Brian Jorde Quoted by Iowa Capital Dispatch on Latest Legal Challenge to Land Survey Law

Brian Jorde Quoted by Iowa Capital Dispatch on Latest Legal Challenge to Land Survey Law

Domina Law Group Managing Lawyer Brian Jorde was recently quoted by the Iowa Capital Dispatch in an article discussing the latest legal challenge to Iowa’s land survey law.

As reported by the Iowa Capital Dispatch, the Iowa Supreme Court last month declined to review an appeal filed by a surveyor who had been cited for trespassing on private property to conduct a land survey for Summit Carbon Solutions’ proposed carbon dioxide pipeline.

The surveyor was cited in August 2022 for entering a property in Dickinson County after other surveyors had been told to leave and not return. Following the citation, the surveyor sought a dismissal of the case, which was denied by a district court judge in January. He appealed that denial, asking the state’s high court to review the matter. However, that too proved unsuccessful.
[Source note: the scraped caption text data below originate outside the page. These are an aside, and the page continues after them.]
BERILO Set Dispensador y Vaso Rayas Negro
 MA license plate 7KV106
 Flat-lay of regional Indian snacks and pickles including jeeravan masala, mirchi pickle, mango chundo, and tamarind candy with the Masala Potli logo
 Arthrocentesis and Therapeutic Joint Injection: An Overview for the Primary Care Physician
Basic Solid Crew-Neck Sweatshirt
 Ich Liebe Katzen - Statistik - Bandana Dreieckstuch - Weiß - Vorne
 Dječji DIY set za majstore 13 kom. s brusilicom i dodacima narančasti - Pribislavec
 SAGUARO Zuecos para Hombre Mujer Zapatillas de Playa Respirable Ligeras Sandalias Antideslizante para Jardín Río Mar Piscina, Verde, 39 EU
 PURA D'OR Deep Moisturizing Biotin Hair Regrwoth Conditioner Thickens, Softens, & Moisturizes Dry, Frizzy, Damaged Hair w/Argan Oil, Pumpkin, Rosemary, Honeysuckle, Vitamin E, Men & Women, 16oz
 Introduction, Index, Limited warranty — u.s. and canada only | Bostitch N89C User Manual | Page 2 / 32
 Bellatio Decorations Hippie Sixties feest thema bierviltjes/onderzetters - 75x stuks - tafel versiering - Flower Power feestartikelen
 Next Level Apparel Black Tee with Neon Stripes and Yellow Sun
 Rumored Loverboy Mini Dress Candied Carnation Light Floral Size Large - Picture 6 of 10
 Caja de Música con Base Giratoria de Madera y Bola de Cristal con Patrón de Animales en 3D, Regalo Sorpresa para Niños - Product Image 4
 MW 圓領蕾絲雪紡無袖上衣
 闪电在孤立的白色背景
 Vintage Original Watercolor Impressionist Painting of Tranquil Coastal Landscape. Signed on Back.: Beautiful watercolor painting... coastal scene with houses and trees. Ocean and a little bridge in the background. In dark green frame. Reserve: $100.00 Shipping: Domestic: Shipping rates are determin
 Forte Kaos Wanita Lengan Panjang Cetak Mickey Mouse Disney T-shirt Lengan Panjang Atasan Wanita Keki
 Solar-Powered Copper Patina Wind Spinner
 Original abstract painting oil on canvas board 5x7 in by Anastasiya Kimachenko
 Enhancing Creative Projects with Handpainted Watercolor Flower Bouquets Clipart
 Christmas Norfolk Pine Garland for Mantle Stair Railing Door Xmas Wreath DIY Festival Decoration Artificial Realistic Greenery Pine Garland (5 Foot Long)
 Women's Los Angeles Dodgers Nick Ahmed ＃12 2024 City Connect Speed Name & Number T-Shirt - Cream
In its order rejecting the appeal, Iowa Supreme Court Justice Christopher McDonald stated that the appeal contained nearly four times the number of documents allowable under the state’s Rules of Appellate Procedure and failed to provide the court with the ability to readily assess the most critical aspects of the record.

According to court records, a trial has been set for late June.

Cases Put Iowa Land Survey Law at Issue

The trespassing case out of Dickinson County is just one of several challenges focusing on issues related to Iowa’s land survey law, which requires pipeline companies seeking entry for land surveys to hold informational meetings and provide 10 days’ written notice via certified mail.

Attorney Steven Goodlow, who is prosecuting the case for Dickinson County, said that landowners and a tenant refused to accept those certified letters and that Summit, rather than conducting the survey anyway, should have sought an injunction.

Attorney Brian Jorde and Domina Law are handling another land survey case in Woodbury County involving pipeline company Navigator CO2 Ventures’ suit against landowners for an injunction. Last fall, Jorde and our firm filed a countersuit arguing that law enabled the government to appropriate landowners’ rights to exclude others from their property, as the state Constitution holds that “private property shall not be taken for public use without just compensation first being made,” and protects landowners’ property rights from unwarranted government intrusion.

These cases, Attorney Brian Jorde notes in an interview with the Iowa Capital Dispatch, could have big consequences for affected landowners. However, he did note that the Clay County case differed from the one in Woodbury, as the Clay County landowner admitted to signing the 10-day notice.

Summit and Navigator have other pending lawsuits against unwilling landowners, including two cases against Summit consolidated into one that’s set for trial this month in Butler County. Summit has pending suits in six Iowa Counties set for trial between May and August.